Ratio of that case, in our opinion, is clearly applicable to the present case-the ratio of the decision being that if a residential building is prohibited to be used as non-residential building-in Delhi, the injunction was contained in the lease deed executed between the Delhi Development Authority and the lessees requiring the lessees that they would construct only residential buildings on the leased land and further injuncting them that they would not use such buildings for non-residential purpose without the permission of the Delhi Development Authority and the prohibition was given statutory sanction by Cl (k) above and in the case of the buildings covered by the East Punjab Urban Rent Restriction Act, such a prohibition is statutorily incorporated in the said Act by the provision of S. 11 thereof.
18. In our opinion, the kind of purpose that clause (k) of S. 14(1) of the Delhi Rent Act served, the same purpose appears to have been intended by the Punjab appears to have been intended by the Punjab Legislature in the present case to be served by the provision of S. 11 of the Act, so far as the use of the residential building for non-residential purpose is concerned. This injunction was intended to subserve a public policy of seeing that the residential accommodation does not fall short of the communitys requirement, as the shortage of residential accommodation would tend to result in unhygienic conditions of the residential areas by accommodating more members than it could legitimately be intended or the extra population resorting to unhygienic use of the open spaces and pavements and creating social tension and health hazards to the community. In view of the above, the provisions of section 11 of the Act are mandatory in character.
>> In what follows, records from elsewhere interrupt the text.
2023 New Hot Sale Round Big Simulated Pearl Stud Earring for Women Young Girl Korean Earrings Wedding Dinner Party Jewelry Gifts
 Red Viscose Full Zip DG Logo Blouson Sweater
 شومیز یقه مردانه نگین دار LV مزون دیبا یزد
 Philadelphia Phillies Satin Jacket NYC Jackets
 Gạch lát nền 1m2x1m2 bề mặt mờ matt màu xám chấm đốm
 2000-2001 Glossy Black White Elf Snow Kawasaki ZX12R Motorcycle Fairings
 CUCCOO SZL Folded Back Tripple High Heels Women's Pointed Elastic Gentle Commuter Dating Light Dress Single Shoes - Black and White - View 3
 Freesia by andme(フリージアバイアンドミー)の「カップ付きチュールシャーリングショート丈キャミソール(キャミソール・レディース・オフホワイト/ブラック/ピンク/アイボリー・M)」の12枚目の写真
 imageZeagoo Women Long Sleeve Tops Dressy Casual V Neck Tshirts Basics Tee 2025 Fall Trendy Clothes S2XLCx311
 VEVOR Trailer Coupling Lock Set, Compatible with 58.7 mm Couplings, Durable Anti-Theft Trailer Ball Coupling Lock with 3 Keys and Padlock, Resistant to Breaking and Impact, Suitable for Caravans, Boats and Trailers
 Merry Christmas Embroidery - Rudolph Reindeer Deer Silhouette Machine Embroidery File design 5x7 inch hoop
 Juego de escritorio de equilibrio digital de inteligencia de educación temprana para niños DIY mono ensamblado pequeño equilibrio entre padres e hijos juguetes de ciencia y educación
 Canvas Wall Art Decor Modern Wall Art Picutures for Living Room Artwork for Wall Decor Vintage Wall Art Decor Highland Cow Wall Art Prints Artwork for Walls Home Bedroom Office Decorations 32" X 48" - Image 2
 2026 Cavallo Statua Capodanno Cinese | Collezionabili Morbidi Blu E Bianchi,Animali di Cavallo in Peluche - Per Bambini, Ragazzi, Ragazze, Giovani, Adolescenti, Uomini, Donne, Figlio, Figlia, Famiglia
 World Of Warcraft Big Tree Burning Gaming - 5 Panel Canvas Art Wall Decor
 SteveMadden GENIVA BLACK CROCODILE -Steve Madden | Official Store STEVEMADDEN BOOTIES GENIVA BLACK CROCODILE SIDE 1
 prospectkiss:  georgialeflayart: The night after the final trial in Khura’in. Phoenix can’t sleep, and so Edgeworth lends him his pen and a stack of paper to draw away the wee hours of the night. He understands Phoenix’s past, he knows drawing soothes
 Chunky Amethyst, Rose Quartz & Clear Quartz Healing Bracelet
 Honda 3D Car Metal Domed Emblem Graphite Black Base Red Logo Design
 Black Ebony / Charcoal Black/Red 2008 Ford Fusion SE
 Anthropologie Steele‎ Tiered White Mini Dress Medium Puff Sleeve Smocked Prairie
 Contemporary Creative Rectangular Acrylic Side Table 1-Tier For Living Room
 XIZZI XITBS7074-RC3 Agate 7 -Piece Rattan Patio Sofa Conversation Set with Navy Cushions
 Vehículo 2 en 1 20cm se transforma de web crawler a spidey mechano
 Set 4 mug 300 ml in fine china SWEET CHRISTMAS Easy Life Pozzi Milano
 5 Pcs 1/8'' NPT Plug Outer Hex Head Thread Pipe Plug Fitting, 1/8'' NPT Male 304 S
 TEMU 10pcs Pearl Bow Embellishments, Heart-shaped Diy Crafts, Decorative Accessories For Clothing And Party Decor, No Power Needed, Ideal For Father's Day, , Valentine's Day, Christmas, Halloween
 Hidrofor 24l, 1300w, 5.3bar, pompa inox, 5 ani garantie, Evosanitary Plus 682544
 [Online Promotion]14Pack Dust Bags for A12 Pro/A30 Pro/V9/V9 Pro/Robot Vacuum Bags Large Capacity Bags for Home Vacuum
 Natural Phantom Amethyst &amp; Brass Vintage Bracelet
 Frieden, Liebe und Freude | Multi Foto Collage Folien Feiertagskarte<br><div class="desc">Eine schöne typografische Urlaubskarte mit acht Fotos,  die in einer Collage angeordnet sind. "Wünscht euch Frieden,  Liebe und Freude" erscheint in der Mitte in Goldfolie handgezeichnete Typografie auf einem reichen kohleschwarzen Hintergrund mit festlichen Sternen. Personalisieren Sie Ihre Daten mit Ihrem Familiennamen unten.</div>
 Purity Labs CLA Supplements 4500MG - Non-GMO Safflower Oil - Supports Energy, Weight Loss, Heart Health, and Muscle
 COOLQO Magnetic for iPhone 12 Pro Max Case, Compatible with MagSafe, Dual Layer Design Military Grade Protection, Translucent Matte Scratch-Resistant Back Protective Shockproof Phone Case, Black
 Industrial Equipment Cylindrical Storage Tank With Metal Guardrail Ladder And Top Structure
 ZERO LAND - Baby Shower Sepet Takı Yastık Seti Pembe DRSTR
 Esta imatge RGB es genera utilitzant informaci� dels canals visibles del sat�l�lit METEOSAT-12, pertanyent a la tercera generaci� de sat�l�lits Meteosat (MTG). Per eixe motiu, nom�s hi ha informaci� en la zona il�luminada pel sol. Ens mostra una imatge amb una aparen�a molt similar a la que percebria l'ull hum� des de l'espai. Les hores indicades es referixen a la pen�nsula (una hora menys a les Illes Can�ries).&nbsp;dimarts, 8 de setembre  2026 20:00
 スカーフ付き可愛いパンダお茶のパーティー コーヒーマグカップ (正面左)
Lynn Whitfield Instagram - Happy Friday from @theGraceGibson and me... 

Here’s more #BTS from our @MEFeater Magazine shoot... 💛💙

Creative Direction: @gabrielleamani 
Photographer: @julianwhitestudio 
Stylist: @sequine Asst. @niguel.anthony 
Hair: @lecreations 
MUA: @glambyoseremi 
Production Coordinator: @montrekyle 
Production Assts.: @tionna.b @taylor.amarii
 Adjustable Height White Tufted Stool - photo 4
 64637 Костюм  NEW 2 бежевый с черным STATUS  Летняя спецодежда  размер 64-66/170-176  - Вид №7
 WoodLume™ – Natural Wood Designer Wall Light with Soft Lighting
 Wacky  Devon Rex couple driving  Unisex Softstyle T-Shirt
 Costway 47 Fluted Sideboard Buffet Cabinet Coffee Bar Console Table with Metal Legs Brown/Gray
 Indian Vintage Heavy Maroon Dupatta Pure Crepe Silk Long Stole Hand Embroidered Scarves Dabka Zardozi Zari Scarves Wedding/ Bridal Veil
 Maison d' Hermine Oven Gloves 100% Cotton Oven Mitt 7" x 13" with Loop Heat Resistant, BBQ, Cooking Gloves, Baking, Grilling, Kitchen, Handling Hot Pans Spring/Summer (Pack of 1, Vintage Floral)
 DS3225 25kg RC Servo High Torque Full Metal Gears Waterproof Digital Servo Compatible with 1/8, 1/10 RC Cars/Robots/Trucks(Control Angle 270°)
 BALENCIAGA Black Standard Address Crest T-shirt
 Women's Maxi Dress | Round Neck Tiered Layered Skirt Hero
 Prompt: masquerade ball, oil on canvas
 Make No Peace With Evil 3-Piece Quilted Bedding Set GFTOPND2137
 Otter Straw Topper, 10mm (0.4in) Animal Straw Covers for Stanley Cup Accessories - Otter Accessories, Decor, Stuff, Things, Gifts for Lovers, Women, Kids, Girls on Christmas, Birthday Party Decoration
19. It was then argued that if S. 11 of the Act was intended to subserve a public policy of the kind, then it would prohibit even a landlord from converting a self-occupied residential building into self-occupied non-residential building, but this Court in to Division Bench decisions referred to by the Division Bench in Bansals case (AIR 1985 P&h51) (supra), that is, Chattar Sains case (1965 Cur LJ 143) (supra) and faquir Chand case (supra), has taken the view that S. 11 is not attracted to residential building which is in the self-occupation of the landlord hence the landlord could covert it into self-occupied non-residential building without the permission of the Rent controller in terms of S. 11 of the Act.
20. We are of the opinion, with respect that Chattar Sains case (supra) and Faquir Chand v. Ram Kails case (supra) do not lay down the correct law and we, therefore, overrule them.
21. The learned judge, who decided those cases, reached that conclusion by assuming that the provisions of Act including S. 11 applied only to a building which is let out an not to a building which is not let out and is in the use and occupation of the landlord himself. Support for that assumption was sought from the definition of the expression building as defined by Clause (a) of S. 2 of the
Act.
22. While considering the import of the various definition given in S. 2 of the Act, the Court is not to overlook the guiding warning contained in the opening words thereof, namely, .........unless there is anything repugnant in the subject or context.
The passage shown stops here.